KE: Will it be soon?
DM: Yes, soon.
KE: Mr. President, today’s Russian army is not what it was 10 years ago. In recent times, we have had reasons to be proud of it. Nevertheless, there is no end of problems in the army. We would like to know your priorities in this area.
DM: Indeed, our army has changed. I would like to agree with you that the situation is not what it was, say, ten years ago. The Russian army has shown its worth, no matter what might be said about it, including in situations where it was upholding our country’s basic interests and defending our citizens, like in South Ossetia.
Nevertheless, there are many problems. The military equipment is becoming outdated. Servicemen should be given fitting remuneration for their work. The army’s organization should be different.
This year, therefore, if we speak about the legal and organizational aspect, all the necessary decisions have been adopted, some pretty painful. But it is they that are laying the foundation for the Armed Forces of the Russian Federation. In keeping with the decisions that I have approved as Supreme Commander-in-Chief, all our units are stand-by units. What does this mean? They are not so-called cadre units (if you ever came face to face with this, you will know what I mean), or units that have three or four officers.
KE: And a lot of equipment…
DM: A lot of equipment plus two or three servicemen.
But you cannot do battle like that, it makes no sense. It is just a waste of money. This is why there have to be stand-by units.
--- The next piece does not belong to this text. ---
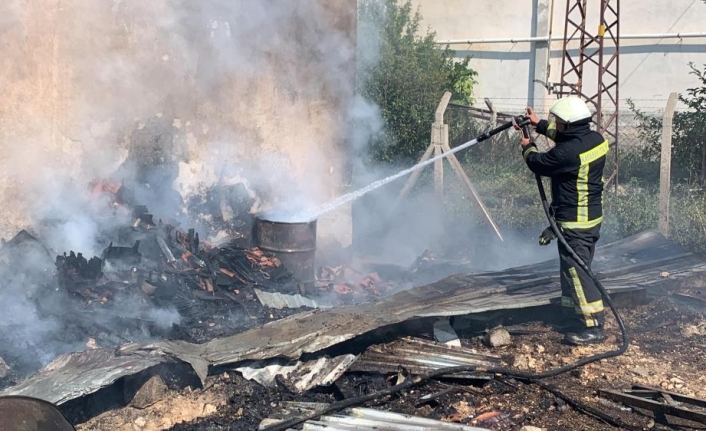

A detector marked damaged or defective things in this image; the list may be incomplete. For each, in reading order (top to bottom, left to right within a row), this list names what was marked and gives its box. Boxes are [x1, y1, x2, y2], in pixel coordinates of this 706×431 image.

rusty drum [248, 214, 314, 288]
crumpled metal roofing [2, 231, 700, 406]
This will promote the modern aspect of our Armed Forces that also look different today – for the time being, only on paper but reforms have begun on the practical plane as well.
But what does the transition to stand-by units mean? Based on Order 400, the defense minister has already ordered financial rewards to officers who have performed well. It is a very substantial extra payment, one that makes it possible to pay our best officers a sum that is absolutely comparable with the appropriate payments in Western countries.
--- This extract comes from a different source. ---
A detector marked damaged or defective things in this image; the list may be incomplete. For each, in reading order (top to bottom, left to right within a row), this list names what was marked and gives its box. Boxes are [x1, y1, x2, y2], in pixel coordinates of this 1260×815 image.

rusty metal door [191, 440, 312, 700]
I believe this should be finalized shortly. One third of our officers are already in receipt of this financial bonus. Next year, more officers will be, and before 2012 we must convert all our stand-by units, which means all our military units and all our officers, to the new conditions of service. One will not feel ashamed of serving for this kind of remuneration, but it will place different demands.
To my regret, the equipment also requires a very serious overhaul; no investments were made here. It is not that someone wished to induce disintegration in the army. Of course, we all love our country and we love our army. There was no money. The money appeared some time ago, and we started investing. Even during this very difficult crisis year, we did not reduce the funding for the main types of armaments. New equipment will be supplied, portion after portion, and we must replace practically the entire range within some ten years. It is also a very important and a very costly task, but Russia must have powerful armed forces. This country is unable to exist without armed forces, for understandable reasons. And I will be doing all I can to keep this kind of funding.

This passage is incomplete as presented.